◆ **PROMPT**
Write out exactly the lines from the one with "Wellnesshotel: Poolaussicht - Maraias" through the last line of the data below, but not the pictures.

◆ **SOURCE MATERIAL**
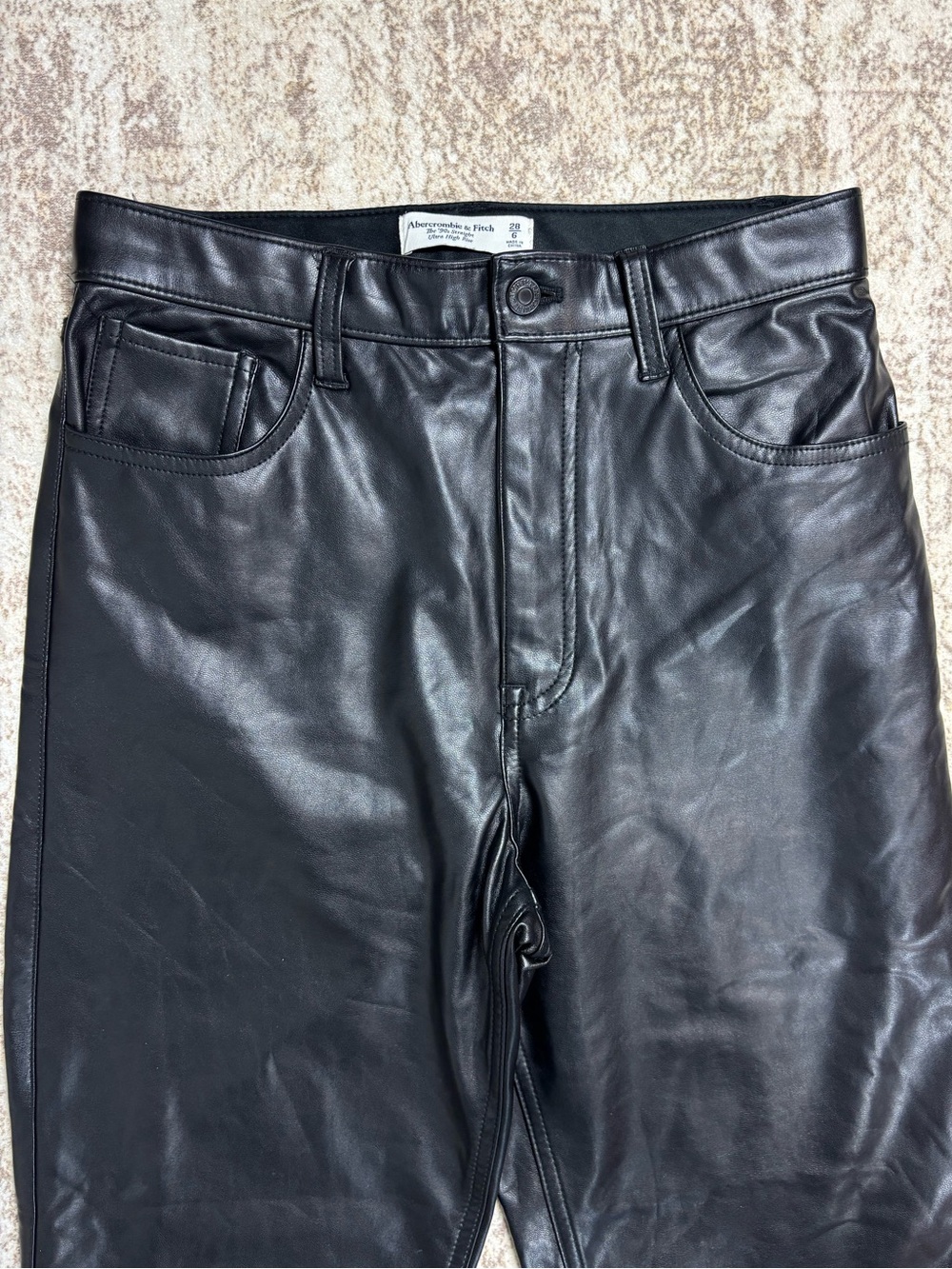 Abercrombie and Fitch 90s Straight Ultra High Rise Size 6 - Picture 4 of 9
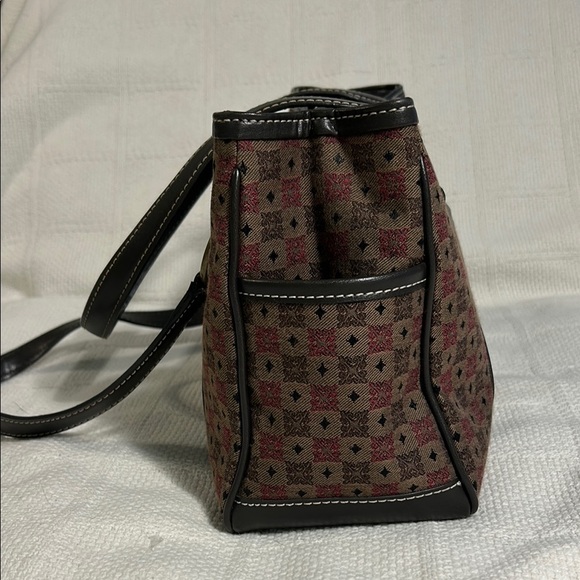 Villager/A Liz Claiborne Company Patterned Brown and Black Tote Bag - Picture 4 of 9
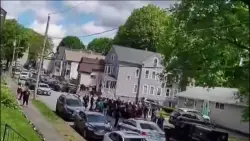 Crowd swarms ICE agents making arrest in Worcester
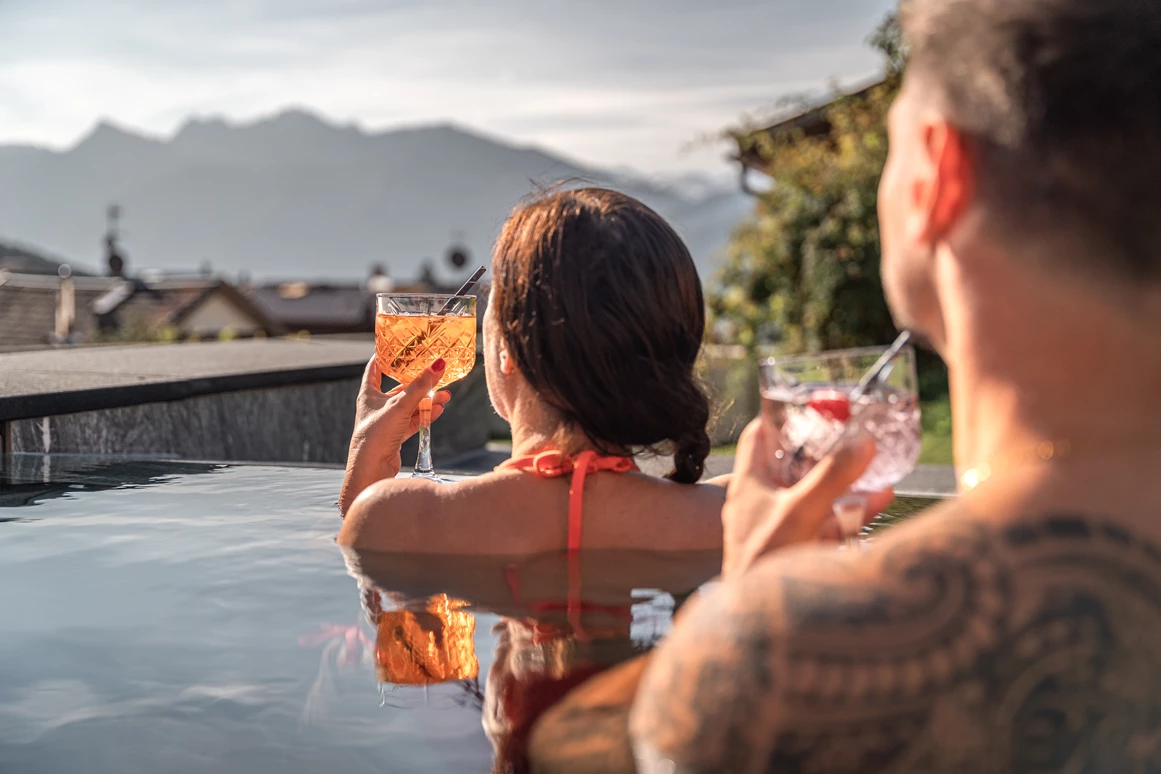 Wellnesshotel: Poolaussicht - Maraias Luxury Suites & Apartments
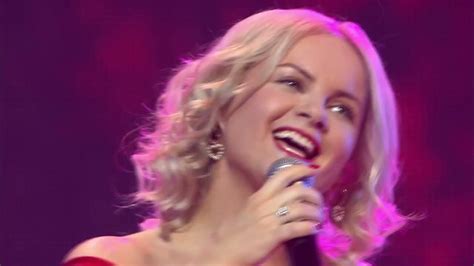 Звезды Дорожного радио. Гимнастки "Kazantseva show". - YouTube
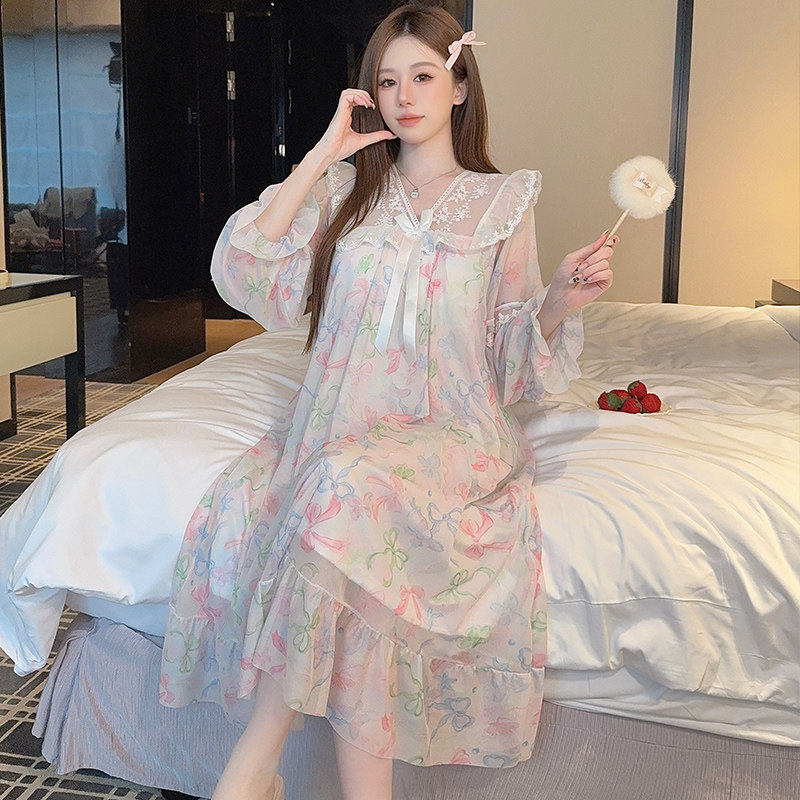 甜美可爱宫廷网纱长袖裙春秋季公主风花边带胸垫方领纯色长袖睡裙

◆ **ANSWER SECTION**
 Wellnesshotel: Poolaussicht - Maraias Luxury Suites & Apartments
 Звезды Дорожного радио. Гимнастки "Kazantseva show". - YouTube
 甜美可爱宫廷网纱长袖裙春秋季公主风花边带胸垫方领纯色长袖睡裙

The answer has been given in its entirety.